Field Day Review \\ Bigger, better, familiar
“Bigger and better” is the consensus from Field Day goers, many of whom have developed a loyalty to coming to the festival every year. It’s no surprise that the overall atmosphere of the day mirrors otherworldly happiness as people flock over green grass to enter a space that sits outside of the usual rhythm of life, and the good news for camping-phobes? It’s only for one day.
The attendees are a mix dominated by East London hipsters with the occasional prog-rock haircut poking out, Summer dresses and ‘Fuck Brexit’ badges. Being greeted at the entrance by a singing caricature of former-mayor Boris Johnson is a reminder that music festivals can be a political space – of sorts.
Field Day is not reliant on a specific genre theme. Offering an eclectic line-up with quite a lot of lesser known acts, it finds a balance with the hard hitting headliners. London-bred Loyle Carner brought freestyle, modesty and a cheeky sense of humour to the main stage. He embraced the relaxed nature of the crowd who sang with him throughout this set. Flamingods provided psychedelic world-folk that was alight with child-like energy. “We all come from the same piece of fucking earth”, said lead Kamaal Rasool, “and we need to celebrate that.”

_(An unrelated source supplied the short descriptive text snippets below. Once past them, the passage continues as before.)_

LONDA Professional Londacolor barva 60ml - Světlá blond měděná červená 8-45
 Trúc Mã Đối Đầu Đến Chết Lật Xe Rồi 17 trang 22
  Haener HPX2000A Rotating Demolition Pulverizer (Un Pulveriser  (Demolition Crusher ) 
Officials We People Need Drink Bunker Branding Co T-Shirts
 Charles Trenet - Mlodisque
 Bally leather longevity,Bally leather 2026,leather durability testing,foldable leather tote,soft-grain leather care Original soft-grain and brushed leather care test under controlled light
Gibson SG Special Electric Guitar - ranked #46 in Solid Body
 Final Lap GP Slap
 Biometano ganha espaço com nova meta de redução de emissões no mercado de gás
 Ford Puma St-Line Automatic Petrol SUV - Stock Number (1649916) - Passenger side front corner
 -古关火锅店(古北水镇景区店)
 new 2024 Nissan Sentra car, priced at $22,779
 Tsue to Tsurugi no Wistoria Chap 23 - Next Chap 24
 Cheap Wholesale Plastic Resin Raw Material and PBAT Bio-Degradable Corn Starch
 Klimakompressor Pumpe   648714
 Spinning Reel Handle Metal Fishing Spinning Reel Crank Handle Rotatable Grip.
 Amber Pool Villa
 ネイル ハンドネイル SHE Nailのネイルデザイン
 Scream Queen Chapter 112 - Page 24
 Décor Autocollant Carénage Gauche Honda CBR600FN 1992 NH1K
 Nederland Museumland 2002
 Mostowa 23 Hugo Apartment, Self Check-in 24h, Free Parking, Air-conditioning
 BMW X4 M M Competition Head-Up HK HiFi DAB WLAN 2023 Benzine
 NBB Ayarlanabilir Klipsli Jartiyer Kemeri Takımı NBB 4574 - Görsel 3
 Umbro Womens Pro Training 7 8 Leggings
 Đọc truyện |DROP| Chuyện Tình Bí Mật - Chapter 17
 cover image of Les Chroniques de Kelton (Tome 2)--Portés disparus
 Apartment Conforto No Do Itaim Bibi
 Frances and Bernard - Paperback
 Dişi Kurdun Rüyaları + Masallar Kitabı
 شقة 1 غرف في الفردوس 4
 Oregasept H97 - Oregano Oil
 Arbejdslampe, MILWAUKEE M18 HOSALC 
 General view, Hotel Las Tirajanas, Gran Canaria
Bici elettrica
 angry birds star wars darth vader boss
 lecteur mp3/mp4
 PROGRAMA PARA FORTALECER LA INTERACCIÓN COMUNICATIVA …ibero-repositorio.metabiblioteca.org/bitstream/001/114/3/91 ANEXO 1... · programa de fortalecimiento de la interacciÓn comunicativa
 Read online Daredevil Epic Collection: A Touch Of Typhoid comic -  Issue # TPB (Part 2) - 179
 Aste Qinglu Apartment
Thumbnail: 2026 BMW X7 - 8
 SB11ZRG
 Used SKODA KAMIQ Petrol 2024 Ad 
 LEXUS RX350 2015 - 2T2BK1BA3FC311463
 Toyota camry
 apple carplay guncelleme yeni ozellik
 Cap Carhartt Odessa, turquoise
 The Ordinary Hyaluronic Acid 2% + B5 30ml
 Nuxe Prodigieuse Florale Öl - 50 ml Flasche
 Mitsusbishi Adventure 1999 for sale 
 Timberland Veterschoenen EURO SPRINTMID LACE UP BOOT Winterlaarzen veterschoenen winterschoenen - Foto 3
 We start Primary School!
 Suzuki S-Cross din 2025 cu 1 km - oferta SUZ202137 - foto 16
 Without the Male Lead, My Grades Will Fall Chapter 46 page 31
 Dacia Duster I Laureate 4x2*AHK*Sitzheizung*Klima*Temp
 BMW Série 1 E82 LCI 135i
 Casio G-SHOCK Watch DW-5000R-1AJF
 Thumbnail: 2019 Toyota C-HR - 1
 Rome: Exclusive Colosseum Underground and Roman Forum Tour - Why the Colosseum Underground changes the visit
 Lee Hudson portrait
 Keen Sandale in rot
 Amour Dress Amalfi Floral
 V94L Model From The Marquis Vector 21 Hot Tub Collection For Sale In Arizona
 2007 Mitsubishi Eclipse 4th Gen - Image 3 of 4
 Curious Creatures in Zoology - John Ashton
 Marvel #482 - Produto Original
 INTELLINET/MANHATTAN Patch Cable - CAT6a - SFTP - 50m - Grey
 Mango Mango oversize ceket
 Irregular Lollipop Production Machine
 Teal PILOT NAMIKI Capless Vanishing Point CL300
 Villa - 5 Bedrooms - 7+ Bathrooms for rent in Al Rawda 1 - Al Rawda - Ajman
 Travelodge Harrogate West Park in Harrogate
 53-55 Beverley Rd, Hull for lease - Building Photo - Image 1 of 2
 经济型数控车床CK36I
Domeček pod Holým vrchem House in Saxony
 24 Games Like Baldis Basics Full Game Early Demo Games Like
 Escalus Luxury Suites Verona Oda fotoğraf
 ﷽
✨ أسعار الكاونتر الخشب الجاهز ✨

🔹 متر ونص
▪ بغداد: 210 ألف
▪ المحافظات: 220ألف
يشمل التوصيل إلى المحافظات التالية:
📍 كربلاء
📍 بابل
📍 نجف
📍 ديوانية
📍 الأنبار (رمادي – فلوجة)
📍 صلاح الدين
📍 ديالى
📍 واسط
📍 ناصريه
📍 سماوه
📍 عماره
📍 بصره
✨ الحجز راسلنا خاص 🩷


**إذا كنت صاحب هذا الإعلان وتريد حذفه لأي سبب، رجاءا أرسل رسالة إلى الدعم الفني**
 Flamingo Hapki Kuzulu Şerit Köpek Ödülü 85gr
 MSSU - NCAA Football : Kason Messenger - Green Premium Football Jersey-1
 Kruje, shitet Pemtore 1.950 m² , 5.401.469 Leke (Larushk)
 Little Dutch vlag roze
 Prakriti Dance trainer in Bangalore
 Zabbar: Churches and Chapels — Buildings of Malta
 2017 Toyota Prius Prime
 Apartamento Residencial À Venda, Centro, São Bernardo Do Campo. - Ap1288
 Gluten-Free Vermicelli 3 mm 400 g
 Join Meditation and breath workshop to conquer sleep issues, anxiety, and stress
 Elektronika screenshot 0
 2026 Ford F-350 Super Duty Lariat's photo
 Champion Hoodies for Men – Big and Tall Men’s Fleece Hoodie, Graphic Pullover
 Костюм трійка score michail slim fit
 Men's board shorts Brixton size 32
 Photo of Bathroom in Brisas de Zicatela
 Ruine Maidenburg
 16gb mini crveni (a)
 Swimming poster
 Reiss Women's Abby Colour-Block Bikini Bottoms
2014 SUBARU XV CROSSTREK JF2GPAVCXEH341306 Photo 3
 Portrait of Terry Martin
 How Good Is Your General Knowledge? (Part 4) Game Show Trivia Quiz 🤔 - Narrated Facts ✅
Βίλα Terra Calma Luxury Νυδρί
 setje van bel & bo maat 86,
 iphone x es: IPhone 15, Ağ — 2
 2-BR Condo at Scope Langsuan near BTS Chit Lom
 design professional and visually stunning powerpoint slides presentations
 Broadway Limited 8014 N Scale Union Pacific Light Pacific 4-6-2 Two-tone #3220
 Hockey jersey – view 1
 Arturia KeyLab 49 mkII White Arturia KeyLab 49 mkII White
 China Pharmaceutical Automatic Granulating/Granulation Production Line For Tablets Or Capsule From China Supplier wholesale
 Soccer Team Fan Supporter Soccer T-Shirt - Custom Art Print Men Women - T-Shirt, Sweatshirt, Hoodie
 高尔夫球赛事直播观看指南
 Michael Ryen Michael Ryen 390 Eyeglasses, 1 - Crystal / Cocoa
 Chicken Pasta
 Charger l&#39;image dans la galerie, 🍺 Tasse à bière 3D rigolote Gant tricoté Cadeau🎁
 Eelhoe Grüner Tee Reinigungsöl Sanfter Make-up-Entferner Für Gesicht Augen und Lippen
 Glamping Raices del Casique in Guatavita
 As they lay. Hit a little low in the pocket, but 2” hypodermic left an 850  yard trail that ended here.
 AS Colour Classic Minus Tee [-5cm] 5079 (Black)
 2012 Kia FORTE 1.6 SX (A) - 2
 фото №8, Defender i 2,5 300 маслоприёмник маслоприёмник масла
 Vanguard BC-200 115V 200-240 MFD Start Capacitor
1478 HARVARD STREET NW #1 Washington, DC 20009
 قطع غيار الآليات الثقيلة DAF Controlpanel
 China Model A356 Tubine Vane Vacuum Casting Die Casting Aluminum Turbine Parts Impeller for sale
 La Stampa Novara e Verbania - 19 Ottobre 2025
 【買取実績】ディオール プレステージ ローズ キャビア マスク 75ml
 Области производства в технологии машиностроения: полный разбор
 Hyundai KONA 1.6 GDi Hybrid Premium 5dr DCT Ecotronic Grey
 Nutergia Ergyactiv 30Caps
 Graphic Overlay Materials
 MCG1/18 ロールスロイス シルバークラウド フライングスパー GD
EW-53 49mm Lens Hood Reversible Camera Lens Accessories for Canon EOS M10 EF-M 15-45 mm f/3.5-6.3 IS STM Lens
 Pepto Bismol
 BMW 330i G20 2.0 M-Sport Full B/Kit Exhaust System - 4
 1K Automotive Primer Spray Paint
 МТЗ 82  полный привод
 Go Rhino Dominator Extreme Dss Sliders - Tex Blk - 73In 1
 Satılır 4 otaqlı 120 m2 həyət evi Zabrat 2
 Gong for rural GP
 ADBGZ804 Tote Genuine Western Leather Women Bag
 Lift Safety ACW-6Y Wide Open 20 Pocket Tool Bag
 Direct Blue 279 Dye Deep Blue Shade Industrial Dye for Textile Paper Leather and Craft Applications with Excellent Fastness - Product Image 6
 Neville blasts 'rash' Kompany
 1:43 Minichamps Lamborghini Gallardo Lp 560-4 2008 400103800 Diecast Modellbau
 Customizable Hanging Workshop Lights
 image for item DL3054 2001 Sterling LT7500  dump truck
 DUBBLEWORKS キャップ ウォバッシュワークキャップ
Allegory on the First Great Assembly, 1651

Into the night Flying Lotus brought beats that could be felt coursing through the body with tumultuous force. Fatima Yamaha gave a joyous performance of light and sound to get lost amongst, whilst Aphex Twin’s set fulfilled any childhood dream of playing with big lasers. They stretched the entire length of The Barn – a new stage for 2017 – in mesmerising movement to match the electronic soundscapes. The initial feeling of being a sardine in a tin was soon overcome.
Ending the night with Omar Souleyman was a treat. Sweat drenched bodies (possibly spattered with a bit of rain) embraced the Middle Eastern sounds with gravitas and energy in a physical expression of joy and release. A young Iranian woman next to me expresses a sense of nostalgia, smiling with the comfort of familiarity.